Plus personne de malade à bord. Après Jean, on en avait bien encore jeté trois à l’eau infinie, mais très loin, là-bas, dans l’hémisphère Sud où volent les albatros. Les autres s’étaient rétablis ; brusquement la forte santé avait en eux repris le dessus.

À cette arrivée, c’était, chez tous les matelots, une excitation, une sorte d’affolement joyeux, chez ceux-là même qui n’avaient ni mère ni fiancée et que personne n’attendait. Après le mouillage, la manœuvre terminée, tout marchait un peu à la diable, à bord ; les officiers, distraits eux aussi, la tête ailleurs, laissaient faire, jugeant presque leur longue et rude tâche finie. Là, tout de suite, dès l’entrée en rade, c’était le commencement de la désagrégation du navire et de l’équipage ; rien ne se tenait plus, et on sentait déjà le « désarmement », la dispersion prochaine et définitive de tous ces hommes, de toutes ces choses qui, pendant plus de deux ans, s’étaient promenés sur les mers lointaines, si étroitement groupés, formant un ensemble, un même corps, ayant, en commun, un nom, un amour-propre et presque une âme.

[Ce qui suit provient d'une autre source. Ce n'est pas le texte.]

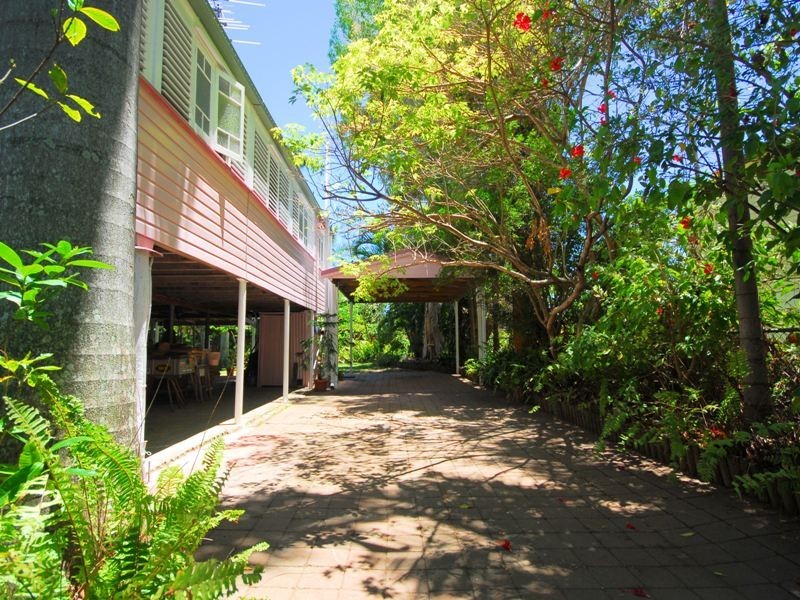 26 Sturges Street, Hermit Park QLD 4812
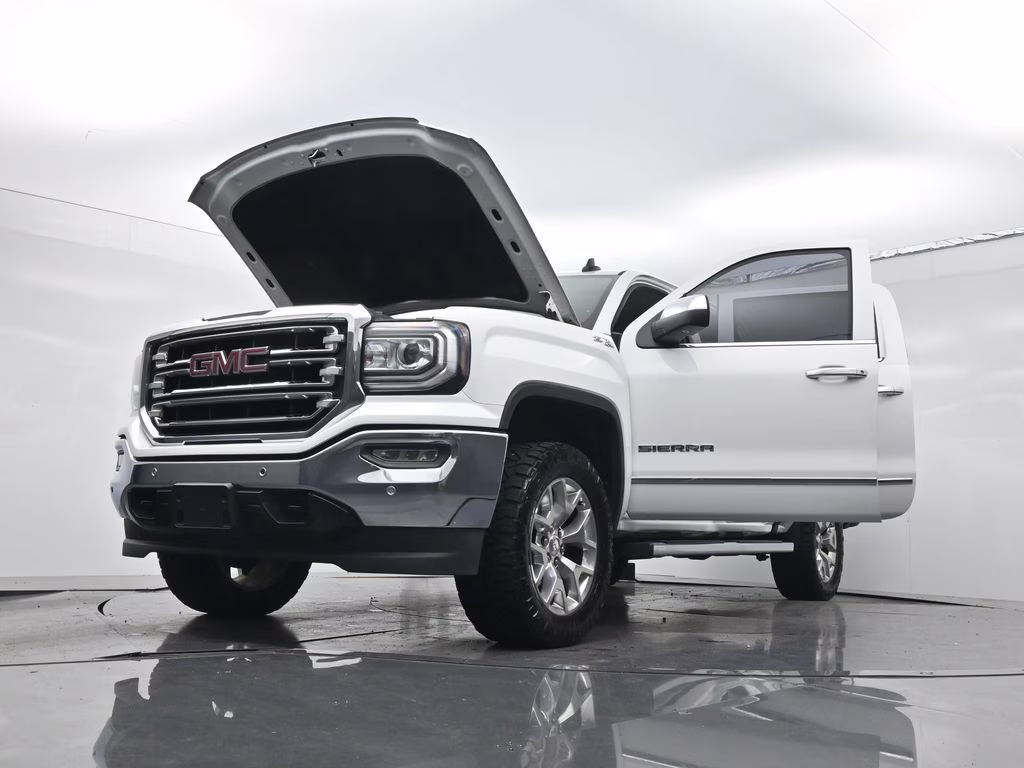 2018 Summit White GMC Sierra 1500 SLT 4X4 Truck
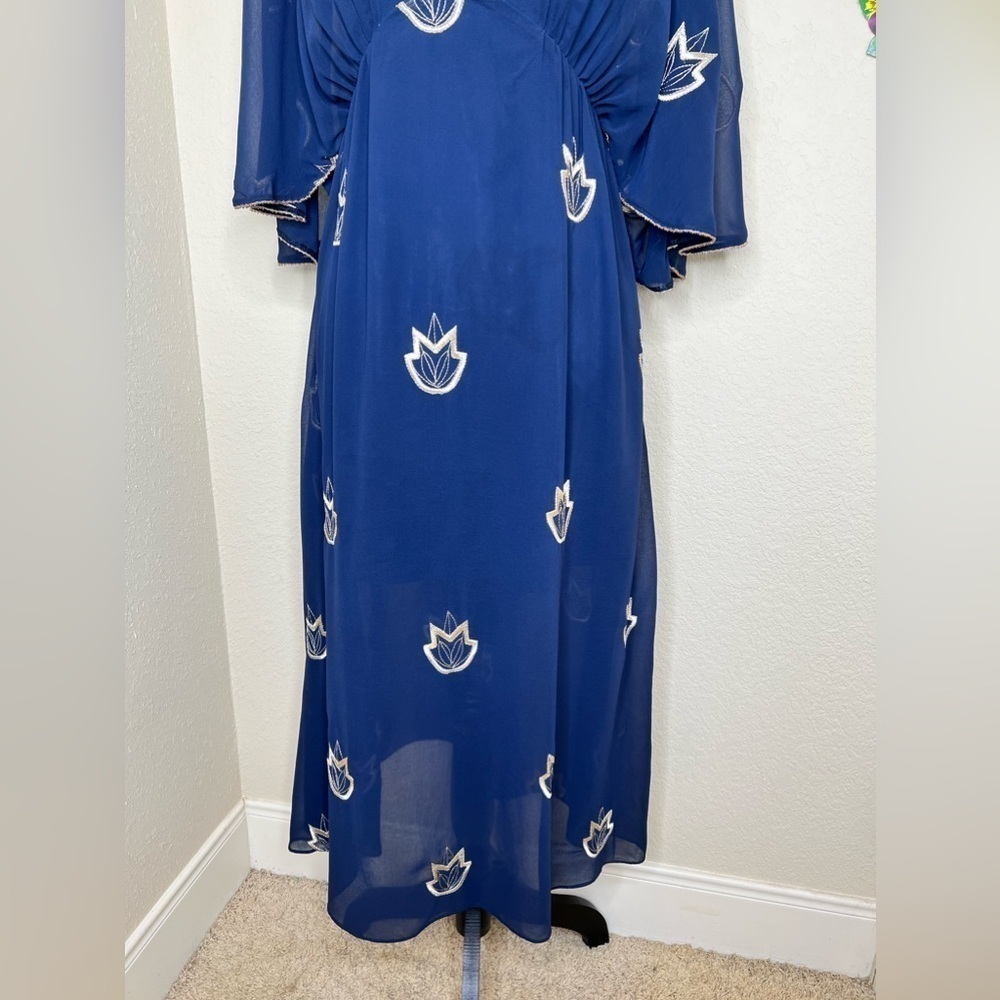 Stevie May Embroidered Leaf Dress V Neck, Lined, Empire Waist Open Back Size XS - Picture 8 of 16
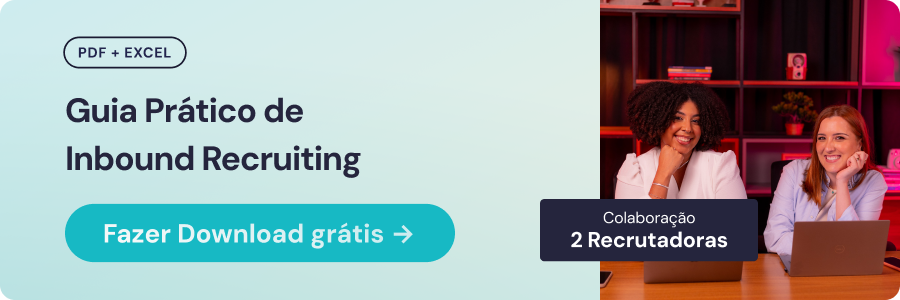 imagem em formato de banner horizontal na cor azul, contendo uma etiqueta escrito PDF+Excel, o texto "Guia Prático de Inbound Recruiting" e um botão de "Fazer download grátis". Ao lado, uma imagem de duas moças sentadas em uma mesa de madeira com uma estante decorativa ao fundo. A primeira moça é negra, com cabelos crespos a altura do queixo, sorridente e possui o rosto apoiado na mão direita. A segunda moça é ruiva, com cabelos lisos abaixo dos ombros e também se encontra sorridente e com o rosto apoiado em uma das mãos.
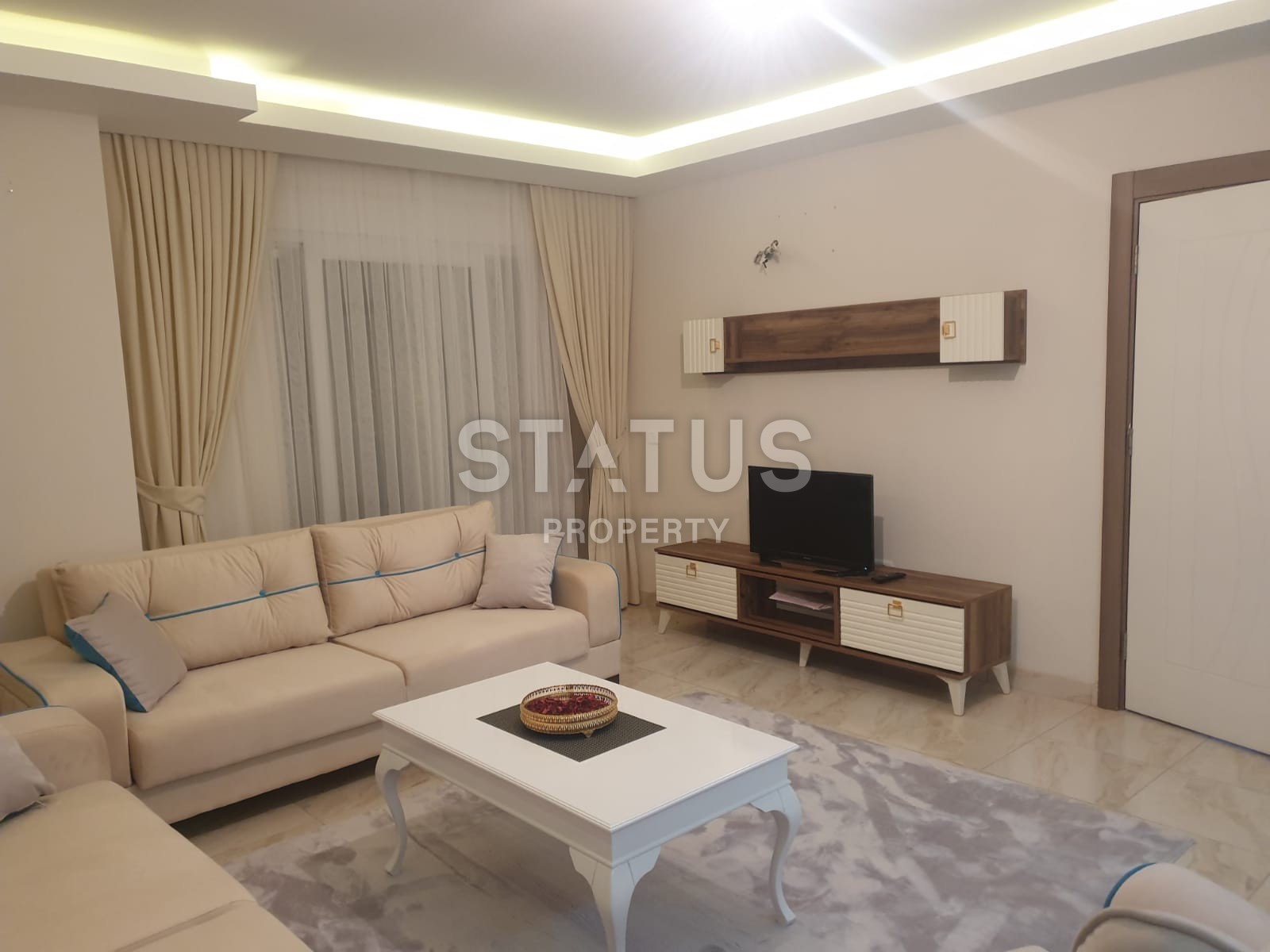 Меблированная двухкомнатная квартира в центре района Махмутлар, 75 м2 фото 3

Il faisait assez beau, sur cette rade française revue au printemps, avec toutefois des menaces de vent et de pluie, suspendues sous forme de gros nuages voyageurs, dans l’air humide, dans l’air frissonnant et inquiet.

On était allé chercher la Santé, c’est-à-dire la permission de communiquer avec le monde extérieur, avec cette France retrouvée. Et quelques canots arrivaient à l’entour de la Saône, lourds et rudes canots de la rade de Brest, gréés pour les continuels mauvais temps, voilés de grosse toile brune, et tout éraillés par les coups de mer.

Tout cela n’avait certes pas la gaieté des retours dans les ports de la Méditerranée, dans ces ports du pays de Jean, où des centaines de petites barques frêles, peintes de couleurs claires, en sécurité sur l’eau calme, viennent avec un joyeux tapage prendre à l’assaut le navire qui arrive.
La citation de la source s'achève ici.